Şimdi ne oluyor o inkâr edenlere ki, sana doğru boyunlarını uzatarak koşuyorlar?
عَنِ الْيَمِينِ وَعَنِ الشِّمَالِ عِزِينَ ﴿٣٧﴾
70/MEÂRİC SURESİ-37. AYET (Meâlleri Kıyasla): Anil yemîni ve aniş şimâli ızîn(ızîne).
Sağdan ve soldan bölük bölük.
أَيَطْمَعُ كُلُّ امْرِئٍ مِّنْهُمْ أَن يُدْخَلَ جَنَّةَ نَعِيمٍ ﴿٣٨﴾
70/MEÂRİC SURESİ-38. AYET (Meâlleri Kıyasla): E yatmeu kullumriin minhum en yudhale cennete naîm(naîmin).
Onlardan herbiri, bir nimet cennetine sokulacağını mı umuyor?
كَلَّا إِنَّا خَلَقْنَاهُم مِّمَّا يَعْلَمُونَ ﴿٣٩﴾
70/MEÂRİC SURESİ-39. AYET (Meâlleri Kıyasla): Kellâ, innâ halaknâhum mimmâ ya’lemûn(ya’lemûne).
Hayır, biz onları bildikleri şeyden yarattık.
فَلَا أُقْسِمُ بِرَبِّ الْمَشَارِقِ وَالْمَغَارِبِ إِنَّا لَقَادِرُونَ ﴿٤٠﴾
70/MEÂRİC SURESİ-40. AYET (Meâlleri Kıyasla): Fe lâ, uksimu bi rabbil meşârikı vel megâribi innâ le kâdirûn(kâdirûne).
Artık o doğuların ve batıların Rabbine yemine ne gerek, elbette bizim gücümüz yeter.
عَلَى أَن نُّبَدِّلَ خَيْرًا مِّنْهُمْ وَمَا نَحْنُ بِمَسْبُوقِينَ ﴿٤١﴾
70/MEÂRİC SURESİ-41. AYET (Meâlleri Kıyasla): Alâ en nubeddile hayran minhum ve mâ nahnu bi mesbûkîn(mesbûkîne).
Onları kendilerinden daha hayırlı olanlarla değiştirebiliriz ve bizim önümüze geçilmez.

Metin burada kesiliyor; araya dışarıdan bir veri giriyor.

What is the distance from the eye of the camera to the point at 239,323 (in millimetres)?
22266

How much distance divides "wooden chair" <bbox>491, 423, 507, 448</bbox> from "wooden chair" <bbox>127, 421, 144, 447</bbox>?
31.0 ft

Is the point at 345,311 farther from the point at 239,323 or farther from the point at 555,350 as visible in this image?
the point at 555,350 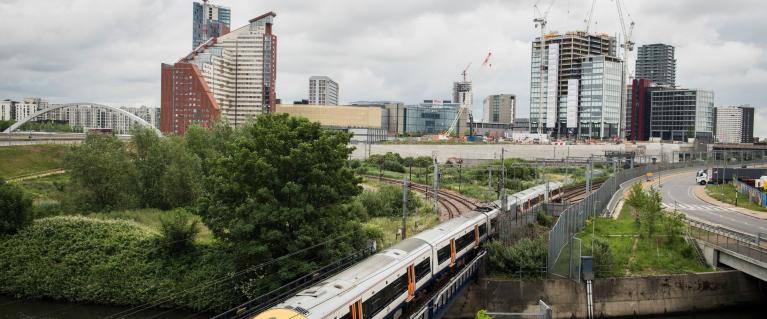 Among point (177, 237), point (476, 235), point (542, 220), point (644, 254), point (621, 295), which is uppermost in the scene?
point (476, 235)

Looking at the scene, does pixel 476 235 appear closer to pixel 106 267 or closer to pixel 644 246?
pixel 644 246

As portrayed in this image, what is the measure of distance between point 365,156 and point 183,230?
69693 millimetres

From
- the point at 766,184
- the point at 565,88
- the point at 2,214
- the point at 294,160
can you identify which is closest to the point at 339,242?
the point at 294,160

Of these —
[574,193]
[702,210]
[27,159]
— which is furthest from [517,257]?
[27,159]

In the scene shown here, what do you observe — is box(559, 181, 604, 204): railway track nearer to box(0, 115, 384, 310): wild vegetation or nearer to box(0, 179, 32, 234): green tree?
box(0, 115, 384, 310): wild vegetation

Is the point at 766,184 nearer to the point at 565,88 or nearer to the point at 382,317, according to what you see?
the point at 382,317

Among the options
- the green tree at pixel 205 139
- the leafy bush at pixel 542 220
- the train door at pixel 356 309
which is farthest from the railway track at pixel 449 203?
the train door at pixel 356 309

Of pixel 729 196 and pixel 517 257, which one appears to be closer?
pixel 517 257

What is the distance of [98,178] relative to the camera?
171ft

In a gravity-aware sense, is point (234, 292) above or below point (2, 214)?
below

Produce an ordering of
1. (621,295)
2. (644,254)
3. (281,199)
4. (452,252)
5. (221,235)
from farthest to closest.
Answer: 1. (644,254)
2. (621,295)
3. (221,235)
4. (281,199)
5. (452,252)

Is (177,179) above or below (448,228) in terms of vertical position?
above

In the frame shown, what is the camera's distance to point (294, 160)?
3145 centimetres

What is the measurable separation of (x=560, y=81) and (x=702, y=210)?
139200 mm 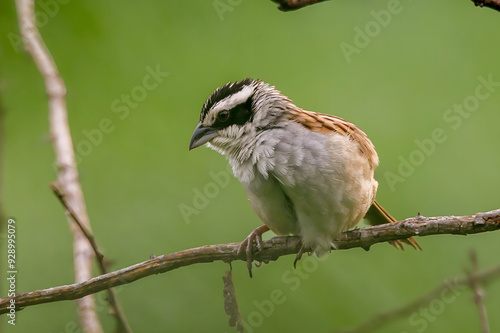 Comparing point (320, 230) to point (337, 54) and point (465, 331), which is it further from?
point (337, 54)

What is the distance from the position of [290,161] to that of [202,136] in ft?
2.21

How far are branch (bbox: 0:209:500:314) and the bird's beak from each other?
2.78 feet

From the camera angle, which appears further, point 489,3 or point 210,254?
point 210,254

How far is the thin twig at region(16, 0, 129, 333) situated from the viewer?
327cm

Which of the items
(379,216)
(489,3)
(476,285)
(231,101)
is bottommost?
(476,285)

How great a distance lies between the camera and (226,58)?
547 centimetres

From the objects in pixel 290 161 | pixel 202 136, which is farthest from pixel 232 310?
pixel 202 136

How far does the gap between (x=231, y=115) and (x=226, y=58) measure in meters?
1.64

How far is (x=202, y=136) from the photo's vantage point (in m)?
4.00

فَذَرْهُمْ يَخُوضُوا وَيَلْعَبُوا حَتَّى يُلَاقُوا يَوْمَهُمُ الَّذِي يُوعَدُونَ ﴿٤٢﴾
70/MEÂRİC SURESİ-42. AYET (Meâlleri Kıyasla): Fe zerhum yahûdû ve yel’abû hattâ yulâkû yevme humullezî yûadûn(yûadûne).

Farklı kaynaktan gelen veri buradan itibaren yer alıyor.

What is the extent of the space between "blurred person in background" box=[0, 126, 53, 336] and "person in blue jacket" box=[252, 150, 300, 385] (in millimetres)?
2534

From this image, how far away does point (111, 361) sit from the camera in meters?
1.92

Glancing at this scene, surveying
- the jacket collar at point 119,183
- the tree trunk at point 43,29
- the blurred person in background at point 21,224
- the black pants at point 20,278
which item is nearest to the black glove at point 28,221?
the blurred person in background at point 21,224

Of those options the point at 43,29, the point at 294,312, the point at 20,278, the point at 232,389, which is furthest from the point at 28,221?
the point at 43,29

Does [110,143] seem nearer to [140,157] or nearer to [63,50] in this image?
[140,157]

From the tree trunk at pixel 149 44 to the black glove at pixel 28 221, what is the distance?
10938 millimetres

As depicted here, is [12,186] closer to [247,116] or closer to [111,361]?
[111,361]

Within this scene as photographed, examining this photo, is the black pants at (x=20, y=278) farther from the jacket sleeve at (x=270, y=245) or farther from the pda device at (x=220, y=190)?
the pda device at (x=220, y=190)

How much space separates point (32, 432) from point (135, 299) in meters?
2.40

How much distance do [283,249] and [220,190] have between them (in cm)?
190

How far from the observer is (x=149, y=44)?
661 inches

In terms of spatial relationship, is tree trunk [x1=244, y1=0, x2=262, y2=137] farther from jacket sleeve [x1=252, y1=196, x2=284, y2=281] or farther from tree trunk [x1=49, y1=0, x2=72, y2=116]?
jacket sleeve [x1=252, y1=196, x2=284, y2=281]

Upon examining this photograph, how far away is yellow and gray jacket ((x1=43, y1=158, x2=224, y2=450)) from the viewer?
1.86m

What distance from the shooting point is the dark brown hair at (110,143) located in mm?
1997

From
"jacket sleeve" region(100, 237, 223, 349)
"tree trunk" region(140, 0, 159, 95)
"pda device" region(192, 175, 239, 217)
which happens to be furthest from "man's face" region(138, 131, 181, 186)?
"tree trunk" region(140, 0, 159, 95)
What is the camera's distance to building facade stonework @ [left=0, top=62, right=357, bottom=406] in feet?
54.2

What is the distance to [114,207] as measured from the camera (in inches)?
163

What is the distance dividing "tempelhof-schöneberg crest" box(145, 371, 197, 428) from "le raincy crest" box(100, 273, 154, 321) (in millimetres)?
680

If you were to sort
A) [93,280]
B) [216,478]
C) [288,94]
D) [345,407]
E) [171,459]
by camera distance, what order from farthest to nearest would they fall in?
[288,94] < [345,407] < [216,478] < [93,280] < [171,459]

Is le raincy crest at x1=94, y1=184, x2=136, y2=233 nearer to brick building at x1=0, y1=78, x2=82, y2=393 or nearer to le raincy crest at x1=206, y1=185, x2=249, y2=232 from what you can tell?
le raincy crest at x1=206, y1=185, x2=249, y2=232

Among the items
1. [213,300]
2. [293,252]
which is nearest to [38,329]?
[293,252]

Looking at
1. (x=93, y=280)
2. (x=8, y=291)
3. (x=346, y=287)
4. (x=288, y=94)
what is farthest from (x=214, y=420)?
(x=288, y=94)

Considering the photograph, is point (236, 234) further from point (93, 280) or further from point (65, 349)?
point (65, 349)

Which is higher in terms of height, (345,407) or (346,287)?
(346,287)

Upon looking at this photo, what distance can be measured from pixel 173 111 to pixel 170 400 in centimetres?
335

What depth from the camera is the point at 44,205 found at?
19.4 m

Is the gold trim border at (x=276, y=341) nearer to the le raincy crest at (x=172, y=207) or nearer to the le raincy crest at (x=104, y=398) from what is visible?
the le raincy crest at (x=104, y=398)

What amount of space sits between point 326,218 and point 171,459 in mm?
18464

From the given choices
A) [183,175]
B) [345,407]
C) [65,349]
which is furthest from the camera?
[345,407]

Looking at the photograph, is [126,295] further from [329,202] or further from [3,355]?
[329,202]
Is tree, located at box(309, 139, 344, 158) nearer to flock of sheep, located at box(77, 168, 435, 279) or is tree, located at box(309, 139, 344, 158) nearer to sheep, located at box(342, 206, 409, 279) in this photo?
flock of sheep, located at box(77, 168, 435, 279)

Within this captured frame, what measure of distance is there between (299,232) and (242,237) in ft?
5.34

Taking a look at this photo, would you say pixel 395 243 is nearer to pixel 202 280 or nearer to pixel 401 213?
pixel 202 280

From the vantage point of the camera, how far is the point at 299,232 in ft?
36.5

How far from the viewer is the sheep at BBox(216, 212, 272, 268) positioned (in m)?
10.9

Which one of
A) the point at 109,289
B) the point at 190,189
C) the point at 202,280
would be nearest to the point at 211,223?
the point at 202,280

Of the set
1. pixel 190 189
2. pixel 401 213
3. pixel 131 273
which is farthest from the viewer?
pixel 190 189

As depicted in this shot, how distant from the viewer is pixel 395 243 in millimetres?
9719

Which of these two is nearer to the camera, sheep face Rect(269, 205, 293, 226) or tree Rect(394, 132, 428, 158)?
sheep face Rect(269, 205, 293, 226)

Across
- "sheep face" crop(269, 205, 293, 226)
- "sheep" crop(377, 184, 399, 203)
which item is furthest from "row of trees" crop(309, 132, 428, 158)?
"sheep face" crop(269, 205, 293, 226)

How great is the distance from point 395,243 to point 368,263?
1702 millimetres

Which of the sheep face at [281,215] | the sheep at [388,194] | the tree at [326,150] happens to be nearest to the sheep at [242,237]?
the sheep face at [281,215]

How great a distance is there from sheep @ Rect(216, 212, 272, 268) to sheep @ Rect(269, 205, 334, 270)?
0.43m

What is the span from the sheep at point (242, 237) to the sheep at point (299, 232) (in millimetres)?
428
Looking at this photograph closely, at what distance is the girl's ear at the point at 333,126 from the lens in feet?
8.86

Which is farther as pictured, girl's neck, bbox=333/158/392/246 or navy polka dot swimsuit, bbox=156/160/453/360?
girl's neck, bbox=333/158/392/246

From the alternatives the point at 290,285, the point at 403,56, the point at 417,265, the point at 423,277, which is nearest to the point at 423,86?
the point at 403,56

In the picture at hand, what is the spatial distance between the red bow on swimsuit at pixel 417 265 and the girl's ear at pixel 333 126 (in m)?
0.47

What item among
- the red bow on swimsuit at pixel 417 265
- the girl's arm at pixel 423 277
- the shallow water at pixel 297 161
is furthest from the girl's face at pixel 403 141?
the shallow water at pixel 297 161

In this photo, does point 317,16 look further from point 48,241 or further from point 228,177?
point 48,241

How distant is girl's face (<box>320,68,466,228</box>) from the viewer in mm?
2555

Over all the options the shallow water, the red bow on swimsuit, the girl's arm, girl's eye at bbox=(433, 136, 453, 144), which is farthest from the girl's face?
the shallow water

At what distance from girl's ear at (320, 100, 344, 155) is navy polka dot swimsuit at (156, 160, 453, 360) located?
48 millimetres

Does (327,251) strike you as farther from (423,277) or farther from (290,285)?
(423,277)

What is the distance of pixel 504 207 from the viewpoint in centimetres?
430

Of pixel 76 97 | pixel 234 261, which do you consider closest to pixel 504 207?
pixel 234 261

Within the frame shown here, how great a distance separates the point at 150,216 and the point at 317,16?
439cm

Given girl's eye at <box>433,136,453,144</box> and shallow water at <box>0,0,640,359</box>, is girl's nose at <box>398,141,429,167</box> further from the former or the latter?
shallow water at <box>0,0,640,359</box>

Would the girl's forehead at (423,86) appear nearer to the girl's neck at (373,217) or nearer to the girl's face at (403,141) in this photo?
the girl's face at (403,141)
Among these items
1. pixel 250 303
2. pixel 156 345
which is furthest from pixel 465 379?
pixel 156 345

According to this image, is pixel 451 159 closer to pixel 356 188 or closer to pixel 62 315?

O halde bırak onları, kendilerine vaad edilen günlerine kavuşuncaya kadar dalıp oynayadursunlar.
يَوْمَ يَخْرُجُونَ مِنَ الْأَجْدَاثِ سِرَاعًا كَأَنَّهُمْ إِلَى نُصُبٍ يُوفِضُونَ ﴿٤٣﴾
70/MEÂRİC SURESİ-43. AYET (Meâlleri Kıyasla): Yevme yahrucûne minel ecdâsi sirâan ke ennehum ilâ nusubin yûfidûn(yûfidûne).
O gün kabirlerden hızlı hızlı çıkacaklar, sanki putlara gidiyorlarmış gibi fırlayacaklar.
خَاشِعَةً أَبْصَارُهُمْ تَرْهَقُهُمْ ذِلَّةٌ ذَلِكَ الْيَوْمُ الَّذِي كَانُوا يُوعَدُونَ ﴿٤٤﴾
70/MEÂRİC SURESİ-44. AYET (Meâlleri Kıyasla): Hâşi’aten ebsâruhum terhekuhum zilletun, zâlikel yevmullezî kânû yûadûn(yûadûne).
Gözleri düşük, kendilerini bir alçaklık saracak da saracak. İşte onlara vaad edilen gün, o gündür.